Detail paling menyedihkan adalah bahwa film ini telah dibuat hampir dua puluh lima tahun yang lalu. Film ini menjadi semacam catatan sejarah/dokumen dunia untuk kemiskinan dan kebejatan dan pahitnya lagi kondisi yang sama masih menjadi masalah yang sama sampai sekarang, mungkin hanya berubah sedikit saja. Satu hal yang cukup menarik dari film ini adalah bagaimana wajah Pixote seperti mengalami perubahan menjadi semakin “tua” dan “tua” menuju ending film. Entah bermaksud untuk memberikan pengertian bahwa Pixote dipaksa dewasa karena tinggal dijalanan menghadapi beratnya hidup.

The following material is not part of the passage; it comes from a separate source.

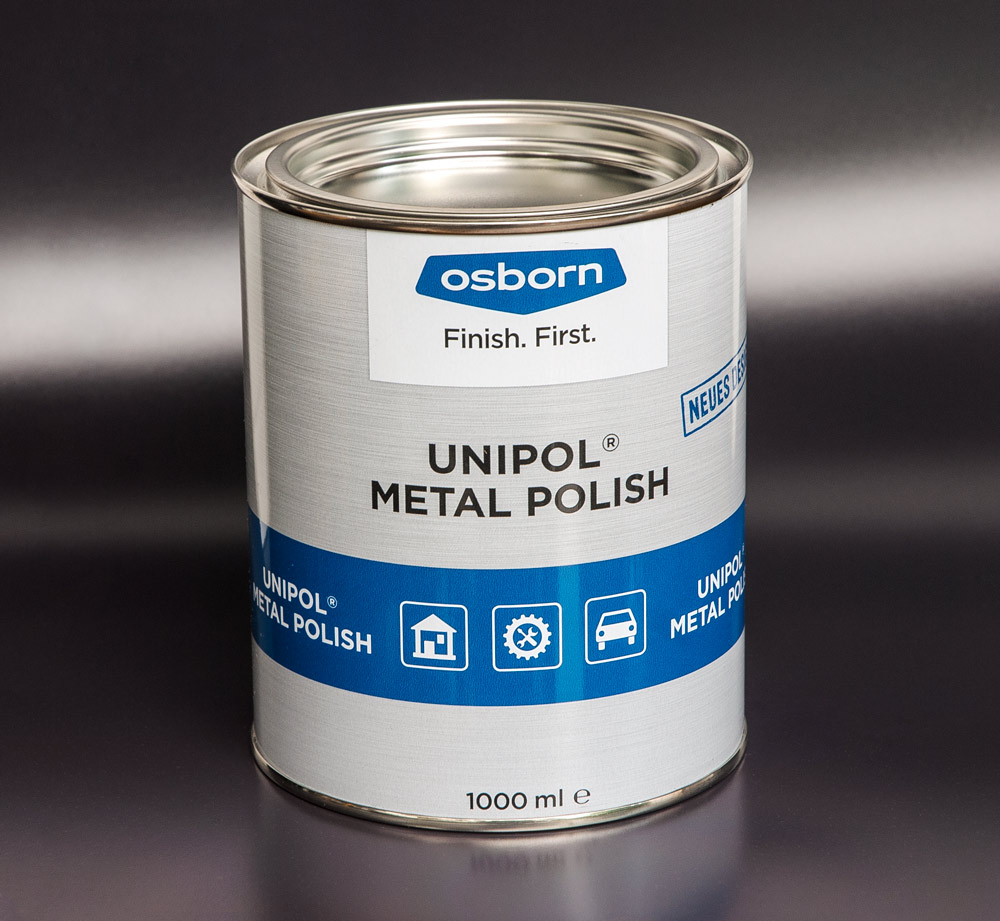 Unipol Metal-polish, Polierpaste, 1000 ml Dose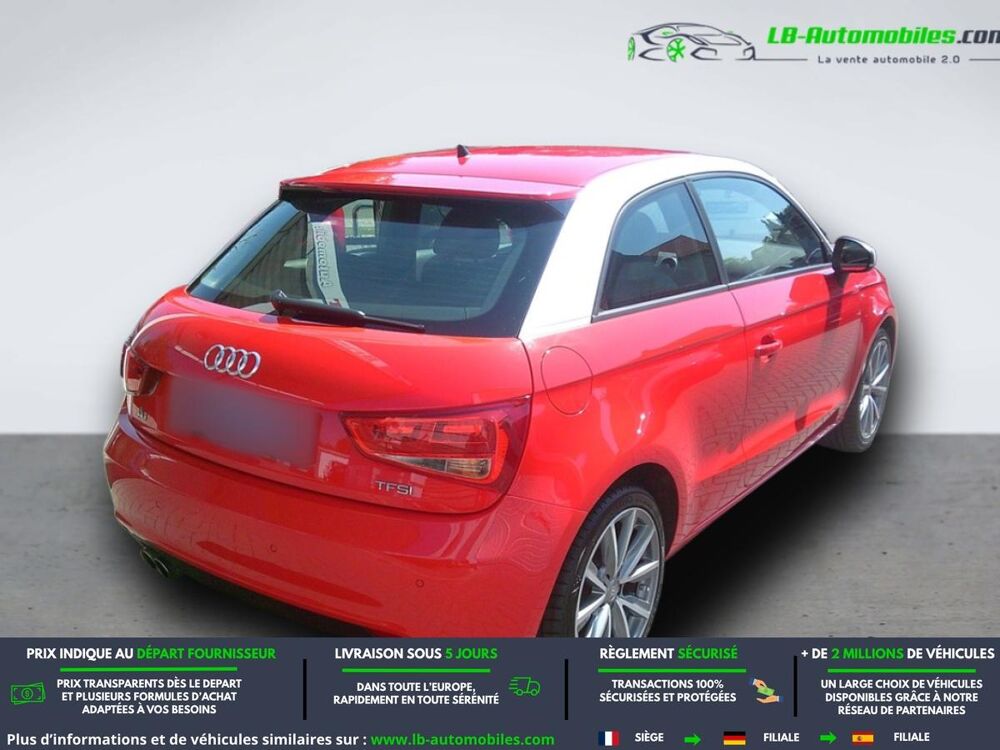 A1 1.4 TFSI 122 2011 occasion 31850 Beaupuy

Banyak sekali adegan brutal dan menyentuh yang dihadirkan Pixote. Bahkan terkadang terasa begitu miris dan pahit. Seperti saat Lilica dan Pixote menyanyikan sebuah lagu sendu tentang cita-cita sambil memandang kearah Copacabana. Atau ketika Pixote yang begitu mendambakan seorang ibu dibiarkan oleh Sueli menyedot putingnya. Tidak ada tendensi seksual, yang ada hanya seorang bocah yang haus akan perhatian dan rindu akan kasih sayang seorang ibu. Sungguh menyedihkan!
Yang menjadikan film ini semakin terasa sangat nyata adalah bagian akhir film yang dibuat tanpa ada embel-embel sad ending atau happy ending. Film dibiarkan berjalan menuju akhirnya sendiri mengikuti kemana kisah hidup Pixote akan membawanya. Tidak ada yang diselesaikan dalam film ini karena hidup terus berjalan. Pixote harus terus menemui puing demi puing jalan hidupnya tanpa bisa banyak kompromi. Bagian kisah film ini hanya menjadi sekelumit kisah hidup Pixote yang direkam dan Pixote terus berjalan menapaki jalan mencari kisah-kisah hidup selanjutnya.
Delapan tahun setelah film ini rilis, pemeran Pixote, Fernando Ramos da Silva ditemukan tewas. Menjadi sebuah pembuktian bahwa kerasnya hidup yang dijalani oleh Fernando yang memang adalah anak jalanan asli Sao Paulo. Kisah “Pixote” berakhir pahit dengan kematiannya. Sebuah film dari sutradara Jose Joffily dipersembahkan utk kematian Pixote produksi 1997 dengan judul Who Killed Pixote.
Pixote dinominasikan film berbahasa asing terbaik Golden Globe 1982. Menerima penghargaan film terbaik dari Boston Society of Film Critics Awards, Los Angeles Film Critics Association Awards dan New York Film Critics Circle Awards.